The malware that turns your computer into a cellular antenna
Just when you thought coming offline would protect your equipment from hackers, it seems that researchers in Israel have found a way to steal data from air-gapped computers i.e. those that are not connected to the internet. The malware essentially works by converting the computer into a cellular antenna. The potential risks from this are clearly significant as it means that data could be stolen from an air-gapped computer by someone standing on the other side of a wall.
How is it installed?
The computer does need to have malware installed for this to happen, something that would normally be attempted via an internet connection or emails.

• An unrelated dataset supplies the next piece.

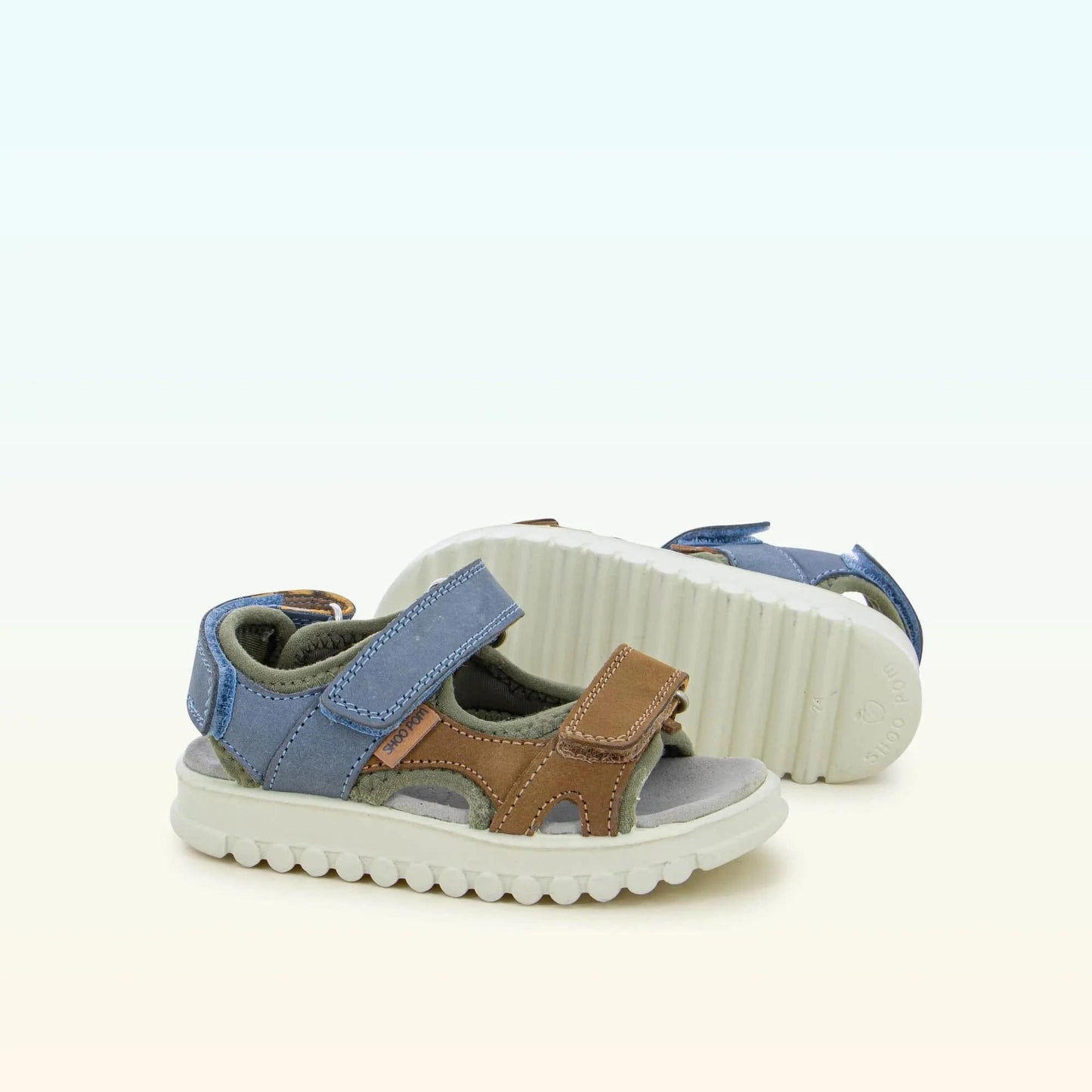 Sandales / Nu Pieds SHOO POM ROLLY BOY SCRATCH Camel Sandales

With an air-gapped computer obviously this isn’t possible so, instead, a worm is transmitted when a removable drive is connected. This is apparently the same method as the way the malware Stuxnet was used to sabotage Iran’s uranium centrifuges so it’s not as much of a challenge as it should be.
How does it work?
When the malware (named GSMem) is installed on the computer it creates specific, memory-related instructions and transmits these internally between the computer’s CPU and memory. This creates radio waves that can be picked up by someone nearby who has a mobile device – the Israeli researchers used an old Motorola phone to pick up the signals, concluding that it was the type of device more likely to get past security. However, a smart phone could pick up a lot more data.
What’s the risk?
During the I research, the phone could be up to 15 feet from the computer and still pick up the data. Although the device was only able to harvest data at one or two bits per second, that was still enough to collect essential information like passwords.
Is there a solution?
If you’re very concerned about this then the obvious solution is to introduce a complete ban on smart phones in sensitive areas and to introduce technology to jam cellular signals.